Juhász Laura, Moldován Krisztián, Herman Petra, Erdélyi Zoltán, Fábián István, Kalmár József, Cserháti Csaba
Department of Solid State Physics, University of Debrecen, Egyetem sqr. 1, H-4032 Debrecen, Hungary.
Doctoral School of Physics, University of Debrecen, Egyetem sqr. 1, H-4032 Debrecen, Hungary.
Nanomaterials (Basel). 2020 Jun 3;10(6):1107. doi: 10.3390/nano10061107.
Porous gold nanoparticles (PGNs) are usually prepared in an immobilized form on a solid substrate, which is not practical in many applications. In this work, a simple method is reported for the preparation and stabilization of mesoporous gold particles of a few hundred nanometers in size in aqueous suspension. Nanoparticles of Ag-Au alloy were fabricated on CaF 2 and Si/SiO 2 substrates by the solid-state dewetting method. Silver was selectively dissolved (dealloyed), and the resulting porous gold nanoparticles were chemically removed from the substrate either in a concerted step with dealloying, or in a subsequent step. Nitric acid was used for the one-step dealloying and detachment of the particles from CaF 2 substrate. The consecutive use of HNO 3 and HF resulted in the dealloying and the subsequent detachment of the particles from Si/SiO 2 substrate. The PGNs were recovered from the aqueous suspensions by centrifugation. The Au content of the suspensions was monitored by using elemental analysis (ICP-OES), and recovery was optimized. The morphology and the optical characteristics of the support-free PGNs were analyzed by scanning electron microscopy (SEM), dynamic light scattering spectroscopy (DLS), and near-infrared spectrophotometry (NIR). The obtained PGNs are spherical disk-shaped with a mean particle size of 765 ± 149 nm. The suspended, support-free PGNs display an ideally narrow dipole plasmon peak at around 1450 nm in the NIR spectral region. Thus, the new colloidal PGNs are ideal candidates for biomedical applications, for instance photothermal therapy.

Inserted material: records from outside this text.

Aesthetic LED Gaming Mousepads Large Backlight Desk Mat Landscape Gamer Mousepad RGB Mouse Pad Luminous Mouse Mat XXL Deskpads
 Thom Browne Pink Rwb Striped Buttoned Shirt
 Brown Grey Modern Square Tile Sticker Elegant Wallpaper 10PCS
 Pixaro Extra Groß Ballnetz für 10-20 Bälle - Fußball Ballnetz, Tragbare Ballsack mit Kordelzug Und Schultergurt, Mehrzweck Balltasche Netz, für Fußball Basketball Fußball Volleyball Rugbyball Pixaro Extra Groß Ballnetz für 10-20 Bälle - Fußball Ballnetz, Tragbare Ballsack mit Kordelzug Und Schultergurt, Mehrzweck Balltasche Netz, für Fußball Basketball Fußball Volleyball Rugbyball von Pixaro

多孔金纳米颗粒(PGNs)通常以固定形式制备在固体基质上,这在许多应用中并不实用。在这项工作中,报道了一种简单的方法,用于制备和稳定尺寸为几百纳米的介孔金颗粒在水悬浮液中的状态。通过固态去湿方法在CaF₂和Si/SiO₂衬底上制备了Ag-Au合金纳米颗粒。银被选择性溶解(脱合金化),然后通过与脱合金化协同的步骤或在后续步骤中,将所得的多孔金纳米颗粒从衬底上化学去除。硝酸用于一步脱合金化以及将颗粒从CaF₂衬底上分离。依次使用HNO₃和HF导致颗粒从Si/SiO₂衬底上脱合金化并随后分离。通过离心从水悬浮液中回收PGNs。使用元素分析(ICP-OES)监测悬浮液中的金含量,并优化回收率。通过扫描电子显微镜(SEM)、动态光散射光谱(DLS)和近红外分光光度法(NIR)分析了无载体PGNs的形态和光学特性。所获得的PGNs为球形盘状,平均粒径为765±149nm。悬浮的无载体PGNs在近红外光谱区域约1450nm处显示出理想的窄偶极等离子体峰。因此,新型胶体PGNs是生物医学应用(例如光热疗法)的理想候选材料。